Your business might need the initial Angel Investors for later rounds of financing so remember that no matter what, you must keep a friendly relationship with your investors unless you are truly not interested in continuing to work with them again. However, expect every angel relationship to be a long partnership and not just a fleeting financing and dismissal. If they took interest in your initial movements they will most likely want to watch your company for a long time, most likely until your exit.

Negotiating terms of financing

In the early stages of starting your business you will need to create a contract with an Angel Investor concerning what monetary support they will provide you with in exchange for what form and amount of profit they will gain from your company. This part is crucial because it is the first chance the angel has to see what kind of relationship you value them at. If you propose terms that are way too low on the reward scale they will think you are low-balling them and your investor could be lost if not second round investment opportunities at a minimum. However if you propose terms that are way too high on the reward scale then your not properly rewarding your own efforts in your company and your piece of the pie has just become smaller.

So when coming up with a structure (as we talked about last post) think about giving as truthful as a demand right off the bat. Most of these Angel Investors have more experience than you do with start up companies and will be able to tell when you are undervaluing their help. But also they most likely do not want to haggle with you on the details, so having a well researched and well thought out structural proposal can ensure that an Angel sticks around to help you with initial financing and maybe even financing in further rounds.

All this being said, there may be a time when you give your original and truthful proposal and you are still forced into a negotiation. This is dangerous territory to tread into, but by successfully negotiating you allow yourself an open door to ask for funding later down the road and you have shares to be able to offer them.
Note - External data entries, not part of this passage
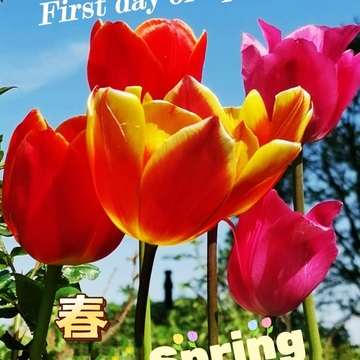 March 20 2023 Spring is like a painter, painted with a vibrant color! Iris Chong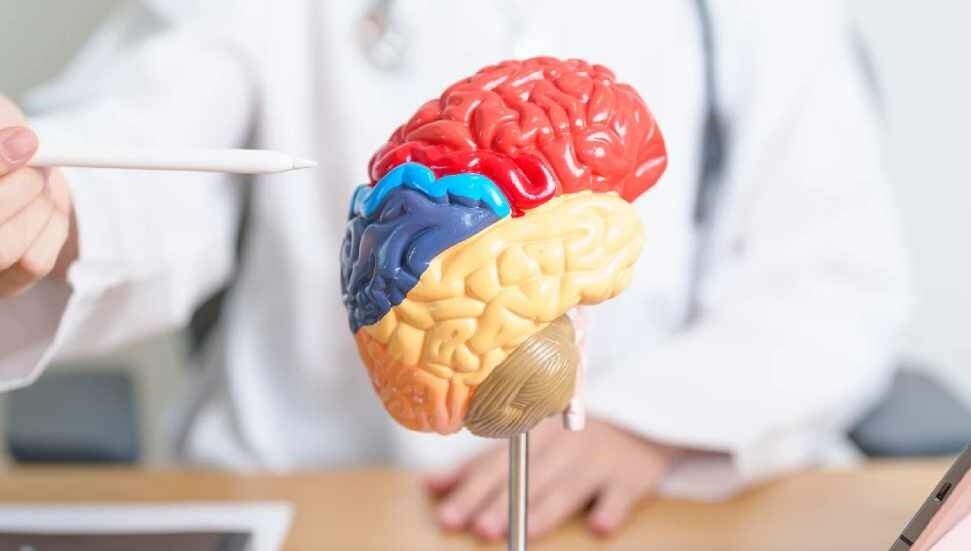 Egzersiz ve uyku beyni genç tutuyor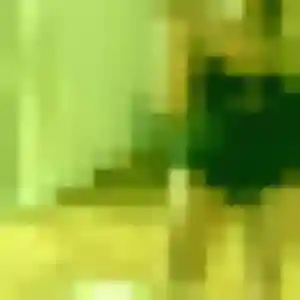 Honorine, femme de 19 ans cherche rencontre sexy à Moulins-lès-Metz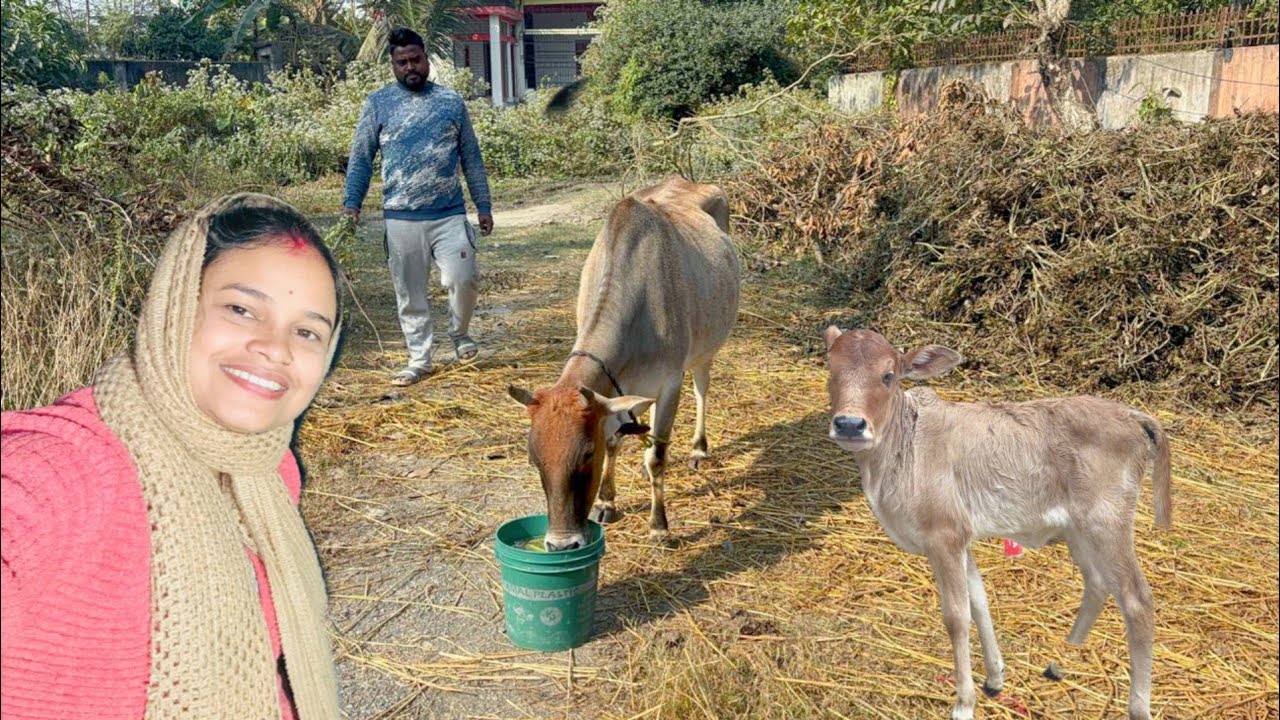 গরুর দানা জাল দেবার জন্য প্রচুর চাপাতার খড়ি কিনে আনা হল #cow #dailyvlog #pujabapigallary 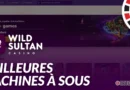Bannière des meilleures machines à sous Wild Sultan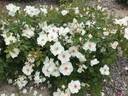 Yèvre-le-Châtel ® rose photo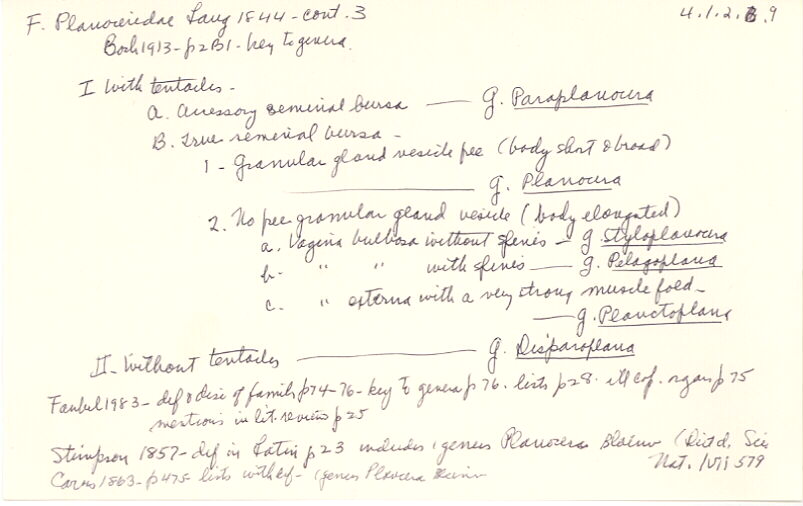 index card
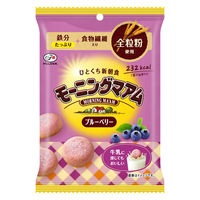 クッキー 食べきりサイズ モーニングマアム　ブルーベリー　50g 1セット(1個×20)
Also by starting with a truthful proposal you know that you have done your part to meet them half way and that also means that if they are unwilling to yield you can walk out knowing you gave them the best deal that you could without hurting your future potential.

Structure: What?

As you can tell we are starting to wade into some heavy financial terms now. This is where most ideas fail, when an entrepreneur cannot back up his or her idea with financial data in order to get the proper funding to start. We’ve talked about why it is important to understand what metrics the angel investors will use to decide whether or not to gamble on your company in the form of monetary support. We have also looked at how to frame your company into the proper metrics in order to facilitate the angel investor in their decision. Now we need to talk about how to create a reward for them once they start thinking about giving you a loan and how to protect their investments and your rights.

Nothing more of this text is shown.